Web page caption snippets
================

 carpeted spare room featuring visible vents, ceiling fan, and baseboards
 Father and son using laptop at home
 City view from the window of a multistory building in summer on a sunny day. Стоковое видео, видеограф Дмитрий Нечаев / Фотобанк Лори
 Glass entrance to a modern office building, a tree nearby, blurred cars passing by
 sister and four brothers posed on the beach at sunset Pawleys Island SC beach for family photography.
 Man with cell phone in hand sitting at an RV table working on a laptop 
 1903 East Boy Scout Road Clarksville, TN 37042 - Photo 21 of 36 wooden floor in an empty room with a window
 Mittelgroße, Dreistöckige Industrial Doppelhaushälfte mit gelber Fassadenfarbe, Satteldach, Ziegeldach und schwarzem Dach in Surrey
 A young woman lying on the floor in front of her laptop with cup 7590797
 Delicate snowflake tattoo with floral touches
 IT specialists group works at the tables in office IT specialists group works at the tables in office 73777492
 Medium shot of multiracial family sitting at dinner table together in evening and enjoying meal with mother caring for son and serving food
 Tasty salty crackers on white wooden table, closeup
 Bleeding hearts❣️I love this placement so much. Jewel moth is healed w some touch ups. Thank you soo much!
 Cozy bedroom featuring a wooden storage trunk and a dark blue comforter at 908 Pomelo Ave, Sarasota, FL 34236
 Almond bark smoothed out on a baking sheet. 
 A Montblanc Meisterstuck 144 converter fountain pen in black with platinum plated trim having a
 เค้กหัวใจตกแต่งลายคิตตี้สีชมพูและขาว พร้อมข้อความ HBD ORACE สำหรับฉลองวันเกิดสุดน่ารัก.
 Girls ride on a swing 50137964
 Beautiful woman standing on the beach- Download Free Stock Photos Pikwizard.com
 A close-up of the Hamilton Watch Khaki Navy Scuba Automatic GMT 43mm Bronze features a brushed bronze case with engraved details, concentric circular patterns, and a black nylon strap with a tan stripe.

================

Directions: Where a line in the records above contains the string "sitting", return that line.

Task answer:
 Man with cell phone in hand sitting at an RV table working on a laptop 
 Medium shot of multiracial family sitting at dinner table together in evening and enjoying meal with mother caring for son and serving food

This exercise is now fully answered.